Return the data below in full and exactly, except that the pictures are dropped.
### Data under study ###
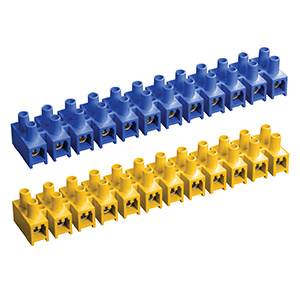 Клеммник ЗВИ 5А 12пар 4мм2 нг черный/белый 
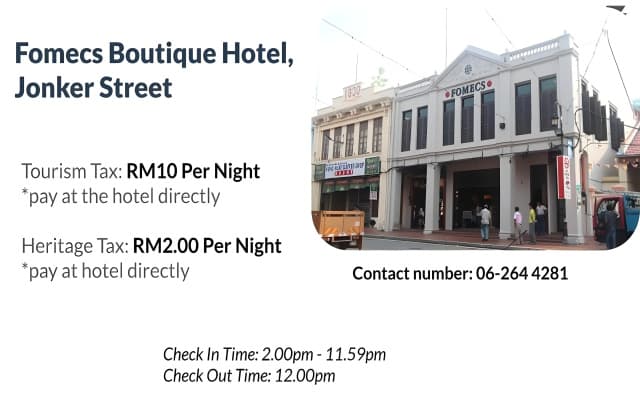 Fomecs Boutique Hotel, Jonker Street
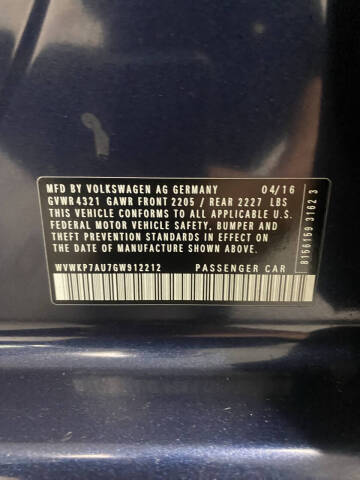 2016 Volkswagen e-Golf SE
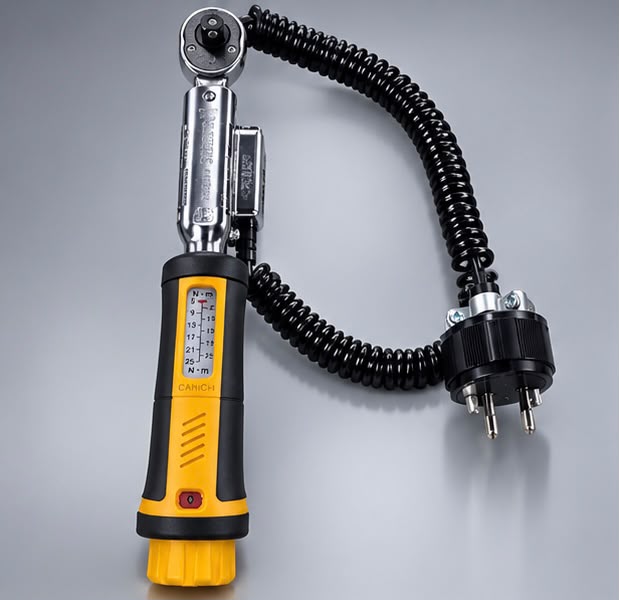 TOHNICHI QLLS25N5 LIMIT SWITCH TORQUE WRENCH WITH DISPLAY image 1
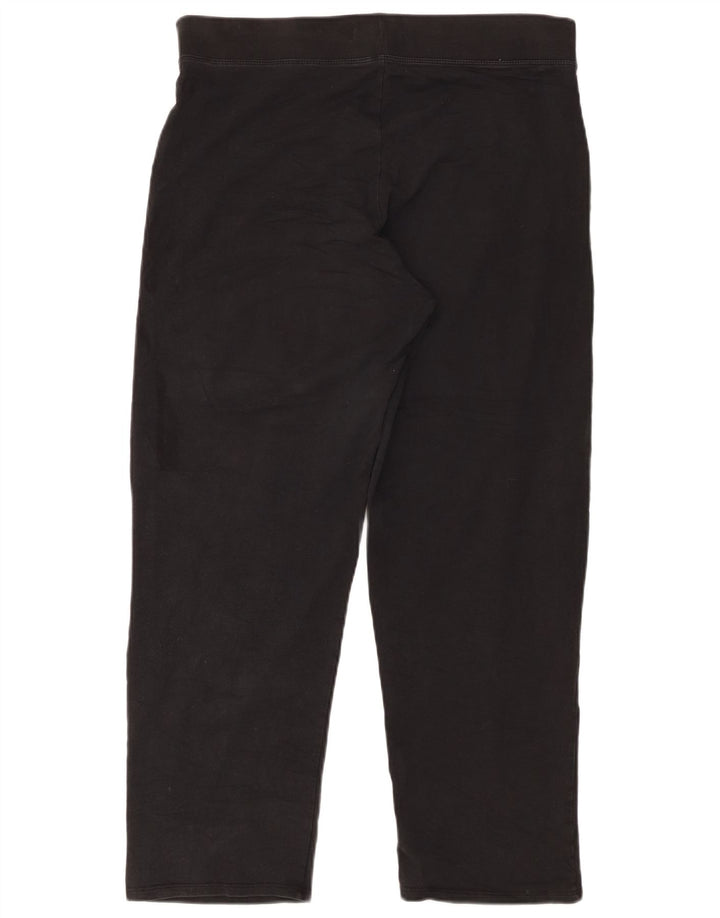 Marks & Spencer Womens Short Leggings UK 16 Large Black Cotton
###
*Result*:
 Клеммник ЗВИ 5А 12пар 4мм2 нг черный/белый 
 Fomecs Boutique Hotel, Jonker Street
 2016 Volkswagen e-Golf SE
 TOHNICHI QLLS25N5 LIMIT SWITCH TORQUE WRENCH WITH DISPLAY image 1
 Marks & Spencer Womens Short Leggings UK 16 Large Black Cotton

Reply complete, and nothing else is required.